[Rcpp-devel] Rcpp internal versions of lapply and sapply
Romain Francois
romain.francois at dbmail.com
Wed Jun 16 16:18:13 CEST 2010
Le 16/06/10 14:58, Douglas Bates a écrit :
>
> Ever since I read Phil Spector's book on S I have been a fan of
> functional programming in S and R. When Jose Pinheiro and I were
> working on the nlme package there was a joke between us that you could
> tell which of us wrote which parts of the code because his parts
> always had an object named "aux" and my parts always had
> "unlist(lapply(list(...)))".
>
> Even within C++ I like to use the std:: algorithms like
> std::transform, but, of course, there are differences between a
> strongly typed language like C++ and a dynamically typed language like
> S. Templates can get around these differences to some extent but I am
> still a bit of a novice regarding templates.
>
> Currently I want to apply some functions to lists but entirely within
> the C++ code (i.e. I don't want to create Rcpp Function objects and
> call back to R). For the sake of argument, consider a function that
> extracts the lengths of the components of the lists.
>
>
> library(Rcpp)
> library(inline)
> inc<- '
> class length {
> public:
> R_len_t operator() (RObject const& x) {return Rf_length(SEXP(x));}
> };
> '
> code<- '
> List lst(ll);
> IntegerVector ans(lst.size());
> std::transform(lst.begin(), lst.end(), ans.begin(), length());
> return ans;
> '
> ltst<- cxxfunction(signature(ll = "list"), code, "Rcpp", inc)

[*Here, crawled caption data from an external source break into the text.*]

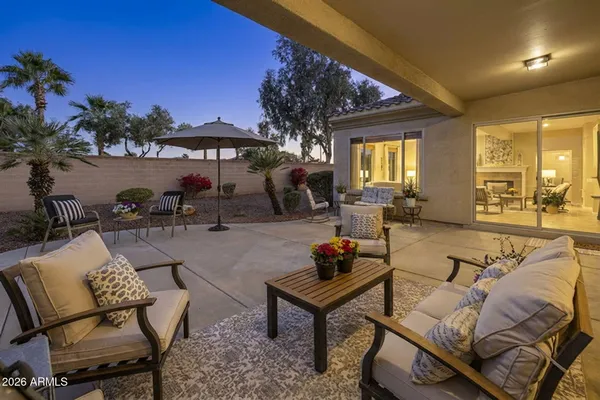 Property Slideshow image 2 of 66 | 12943 w panchita dr, Sun City West, AZ, 85375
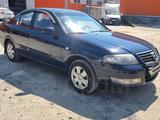 Nissan Almera Classic 2006 годаүшін3 100 000 тг. в Алматы – фото 3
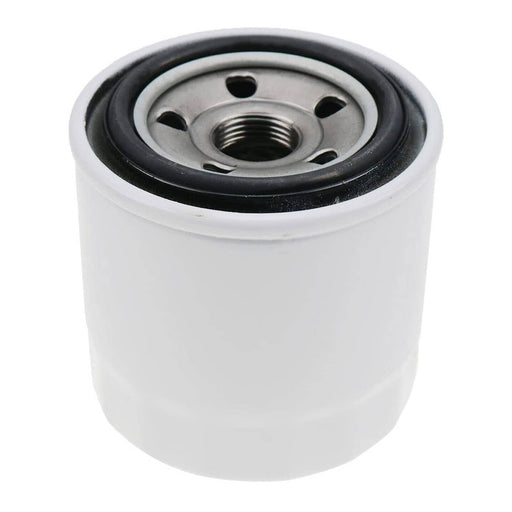 DURAFORCE Fuel Filter 15221-43080 15221-43081 for Kubota SVL75 SVL90 SVL95-2S Skid Steers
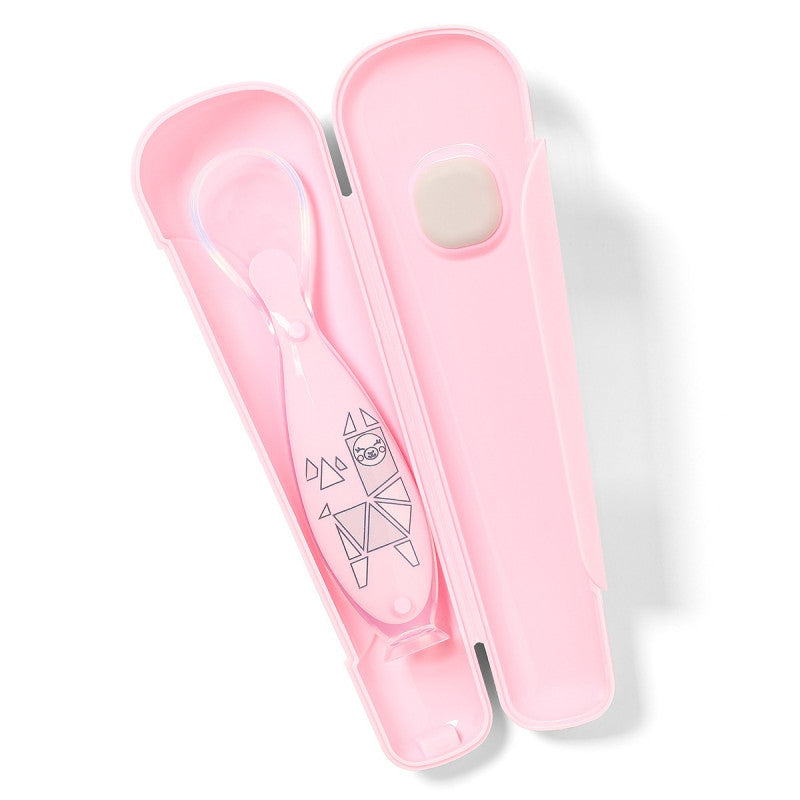 BabyOno - Suction Baby Spoon - 1461/01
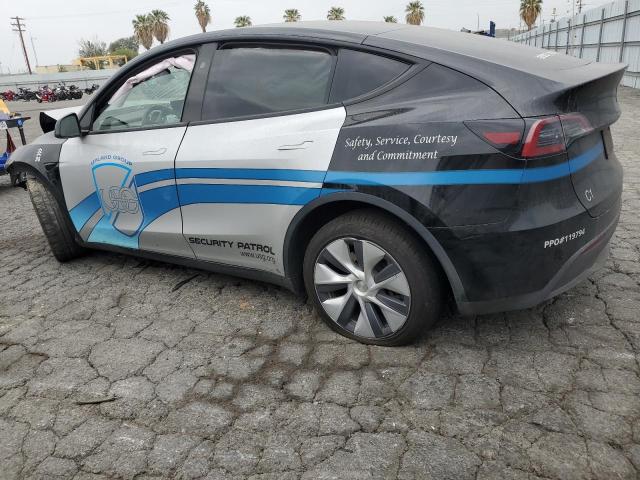 Vin: 7saygdee8ra238798, lot: 54401175, tesla model y 20242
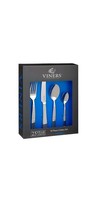 Viners Windsor Table Cutlery Set - 16 Piece Place For 4 , 25 Year Gurantee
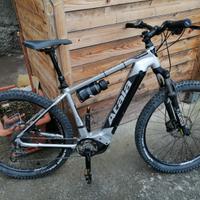 Ebike atala bcross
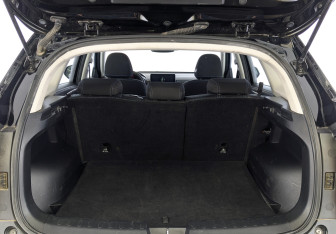 Подержанный автомобиль Haval Jolion 2023 года (10 фото)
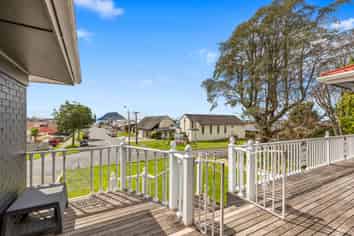 41 Seaview Road, Otumoetai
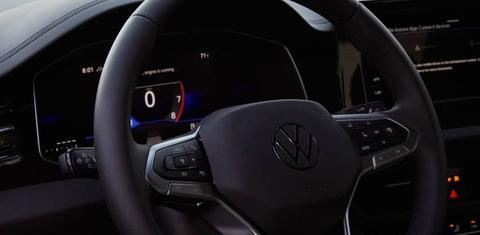 Volkswagen Jetta 2026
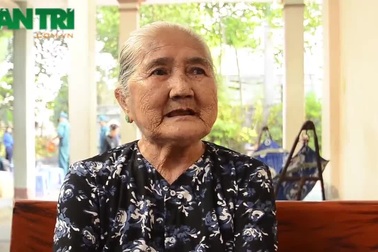 Sẽ có đường bê tông vào nhà mẹ Việt Nam anh hùng trong tuần này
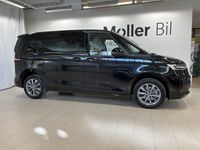 begagnad VW Multivan T7 T7 LIFE KORT ÖVERHÄNG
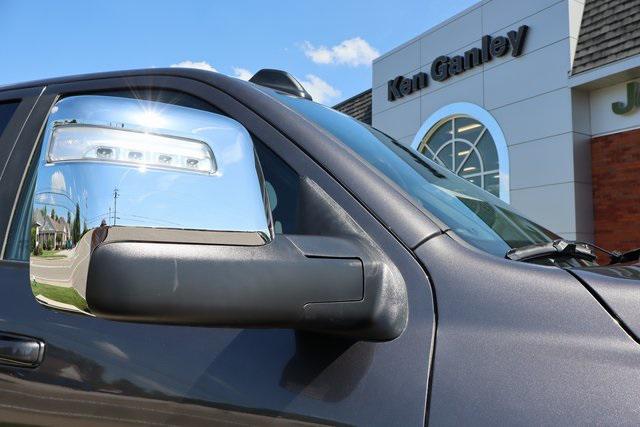 2025 RAM 2500 Laramie Crew Cab 4x4 64 Box 2025 RAM 2500 Laramie Crew Cab 4x4 64 Box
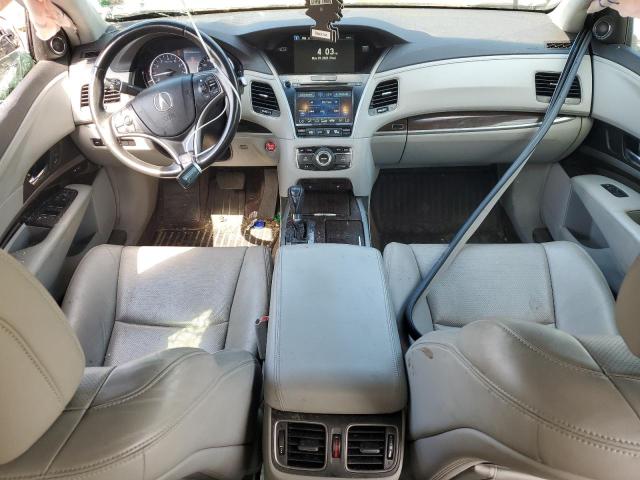 2015 ACURA RLX TECH JH4KC1F57FC000544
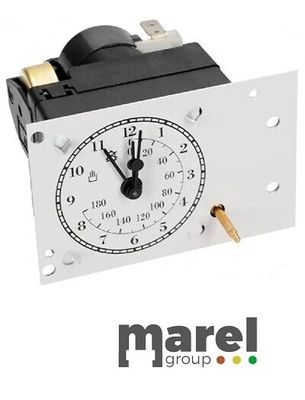 OROLOGIO PROGRAMMATORE FINE COTTURA PER FORNI E CUCINE SMEG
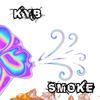 Pretty Girl(feat. Boxx) (Explicit) - Kyb Smoke&Boxx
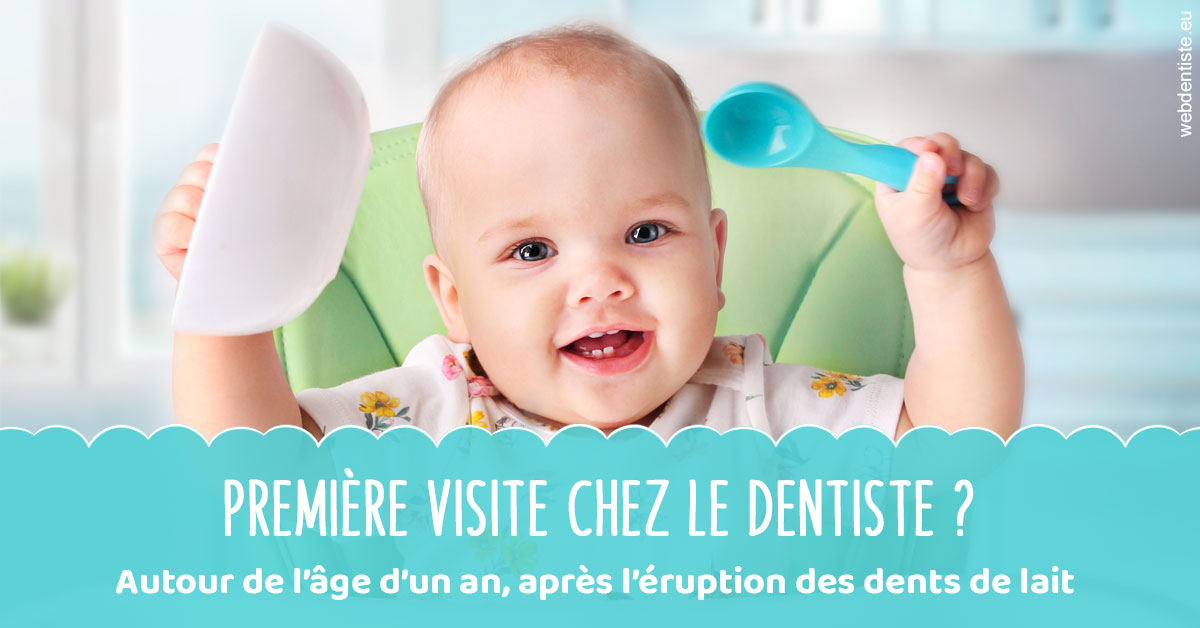 https://www.orthodontiste-demeure.com/Première visite chez le dentiste 1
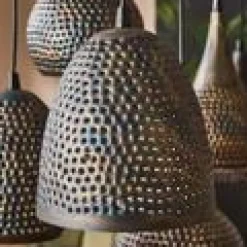 Hanglamp 4+3 Punch Mix - Loft24.nl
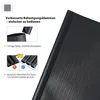Sekey PVC Sichtschutzstreifen für Doppelstabmatten 50m x Produktbild-Vorschau 6
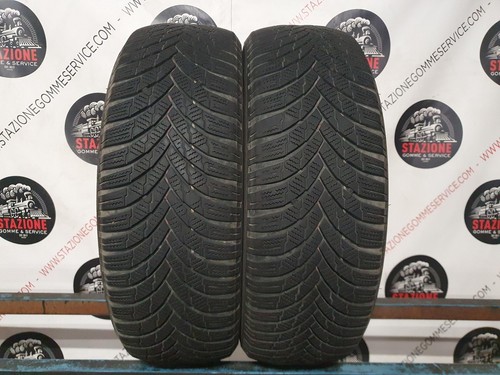 Gomme invernali usate - gomme,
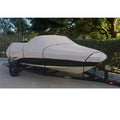 Boat Cover for Bass Tracker 180 Ultra V625001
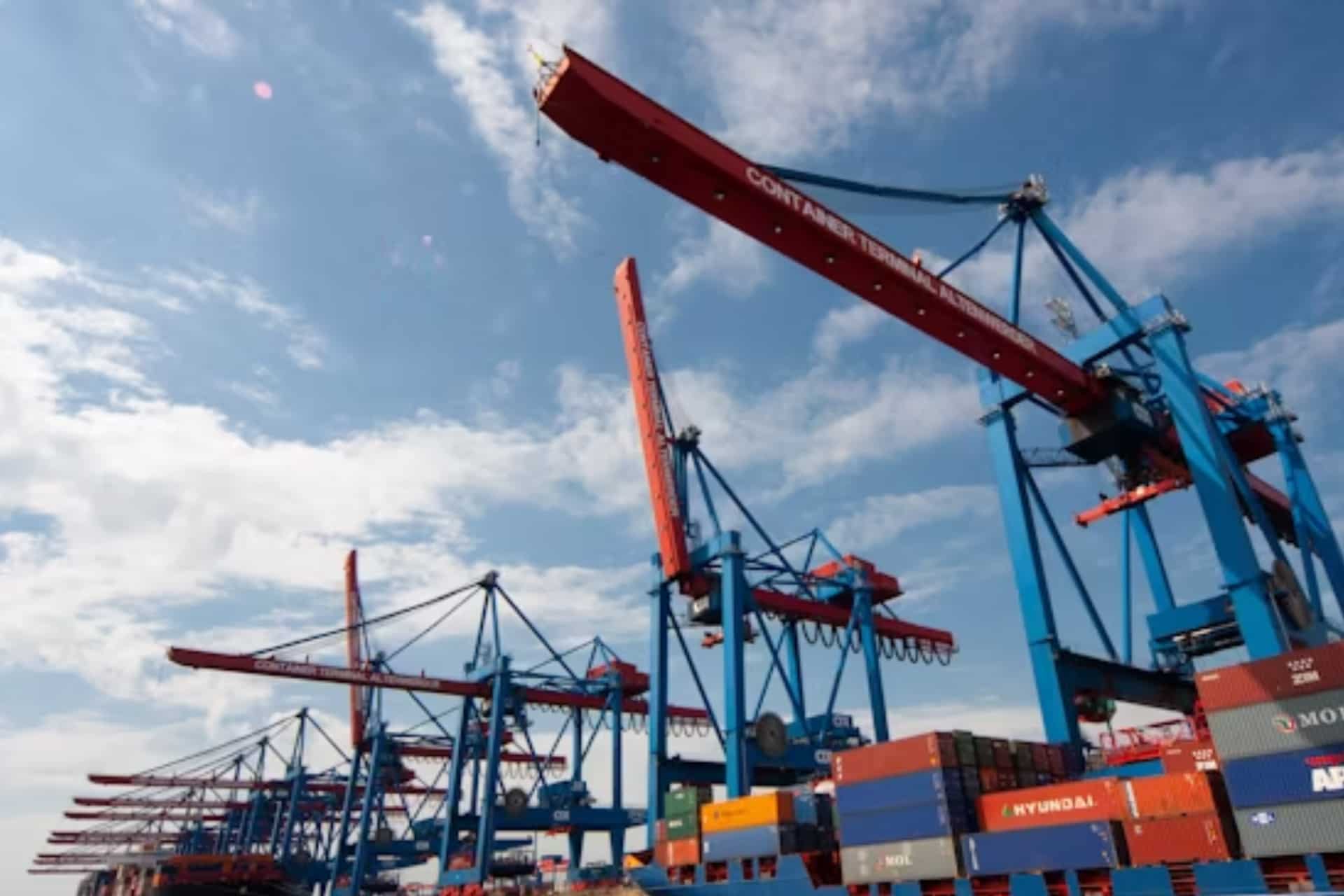 'Modern Form of Economic Imperialism': Iran backs India, warns against US ‘weaponisation’ of global economy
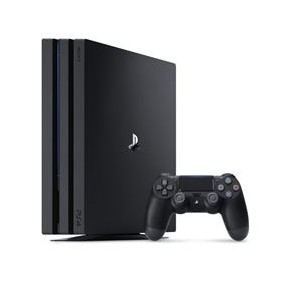 Consola Playstation 4 Pro 1 Tb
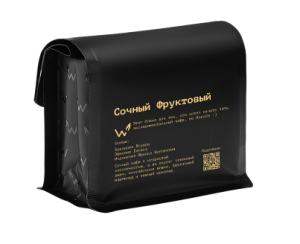 Кофе Бленд Сочный Фруктовый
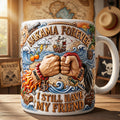 I Still Have My Friend Coffee Mug - Personalized Gifts For Friends 01padt130626
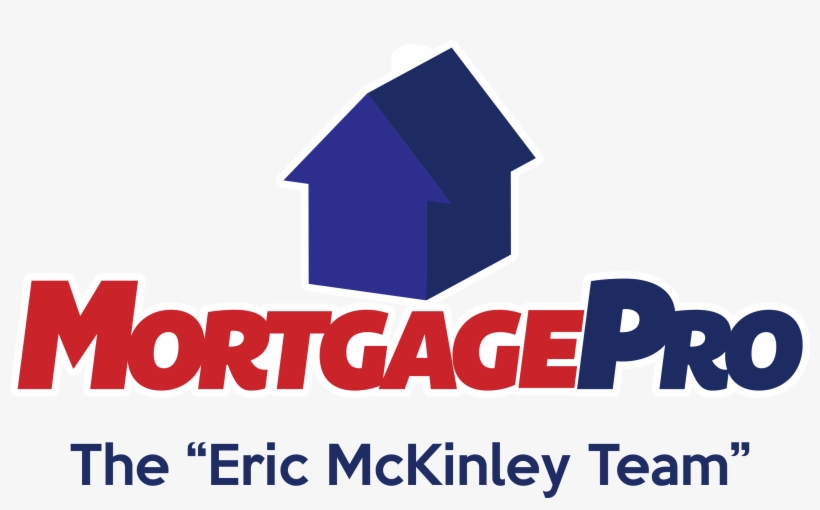Mortgage Pro Eric Mckinley Logo - Graphic Design, transparent png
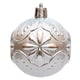 thumbnail image 5 of Adorno Navideño de 6 Cm con Relieve para Colgar En El Lugar., 5 of 5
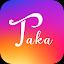 Taka: Design Video & Photo icon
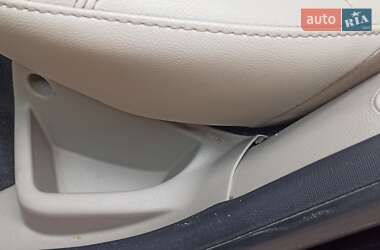 Хэтчбек Ford Focus 2013 в 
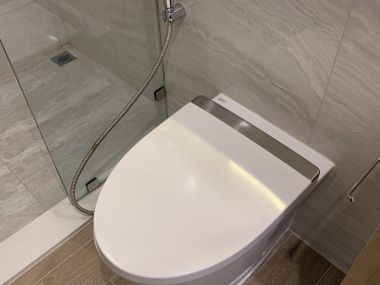 ให้เช่า! Quinn Sukhumvit 101  1 ห้องนอน 1 ห้องน้ำ 34.5 ตรม. ใกล้ BTS ปุณณวิถี  ราคาเพียง 24,000 บาท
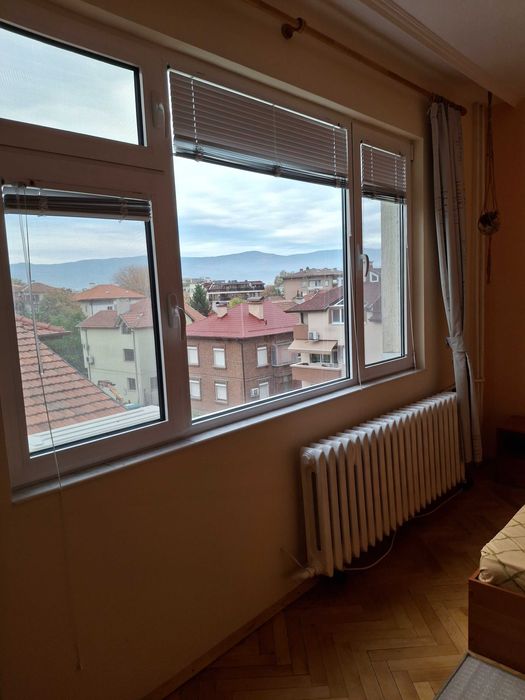 Двустаен апартамент под наем гр. Пловдив кв. Христо Смирненски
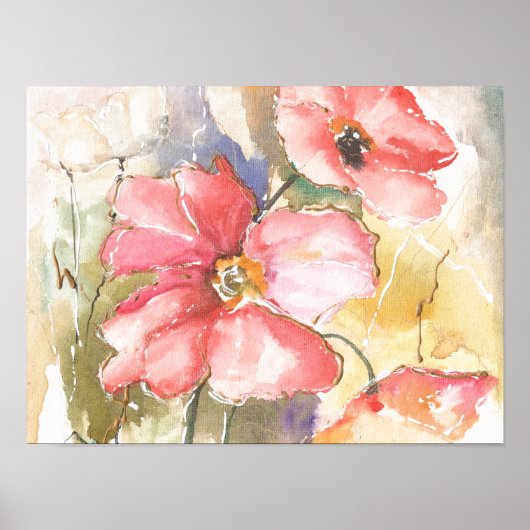 ソフトポピーI ポスター (正面)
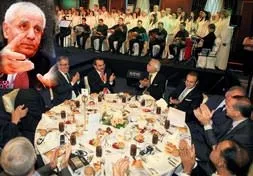 Levy’ye iftar vetosu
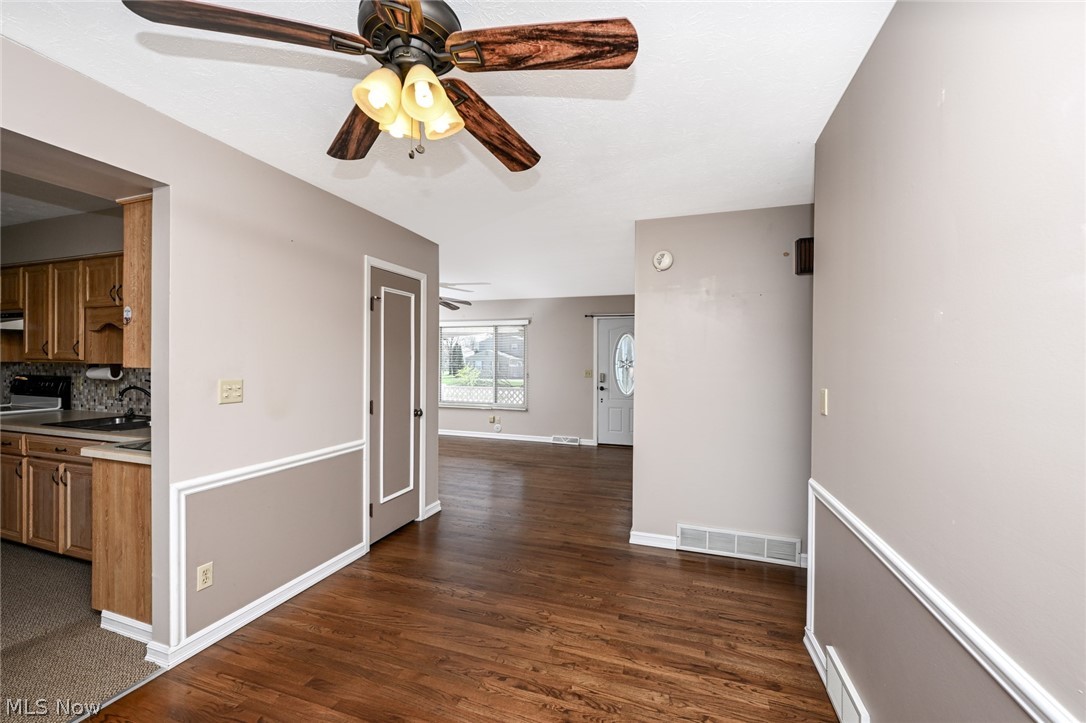 Fairlane Estates - Residential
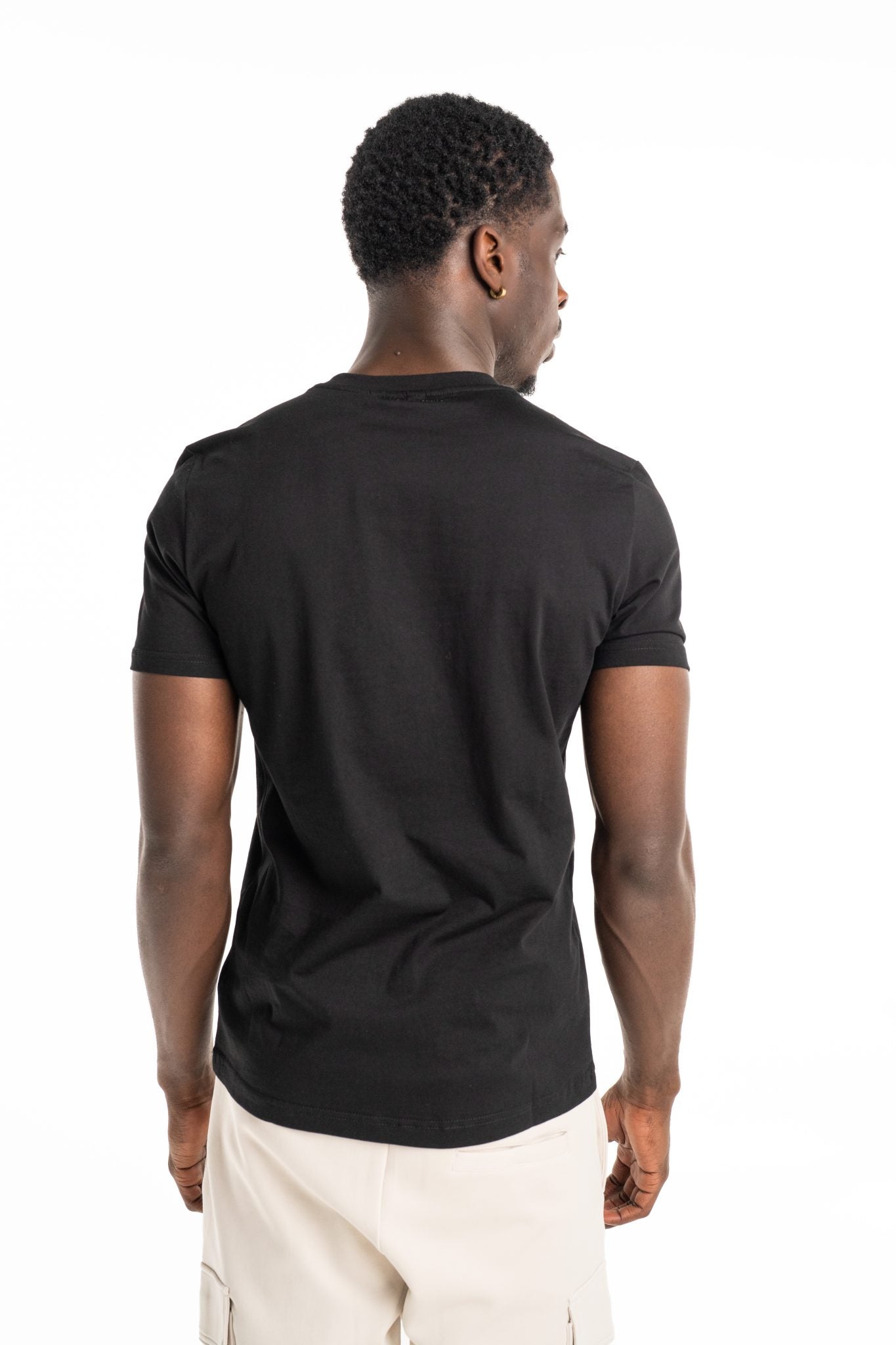 ANTONY MORATO T-SHIRT REGULAR FIT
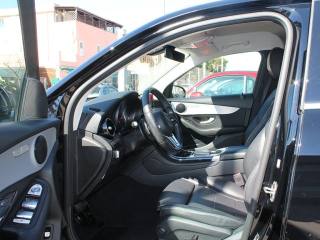 MERCEDES-BENZ GLC 300 usata, con Climatizzatore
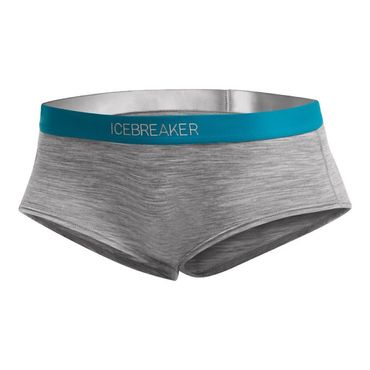 Icebreaker Women's Sprite Hot Pants, Unterhose Damen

> ll<- list(a = numeric(0), b = LETTERS[6:9], c = c)
> ltst(ll)
> sapply(ll, length)
>
> I would like to create a templated sapply function like
>
> template<int RTYPE>
> Vector<RTYPE> sapply(List ll, ??) {
> Vector<RTYPE> ans(ll.size());
> CharacterVector nms = ll.names();
> if (nms.size() == ll.size()) ans.names() = nms;
> std::transform(ll.begin(), ll.end(), ans.begin(), ??);
> return ans;
> }
>
> but I don't know how to specify the second argument that is a function
> that returns the atomic element type of a Vector<RTYPE> (is this as
> simple as Vector<RTYPE>::value_type?) and has a single argument which
> probably should be an RObject (although might be an SEXP, if that was
> more convenient). Can someone (probably Romain) provide some
> guidance?
I recently added Vector::import_transform which might be all you need.
NumericVector x = NumericVector::import_transform(
y.begin(), y.end(), f) ;
This will work as long as f is of some type acceptable by std::transform.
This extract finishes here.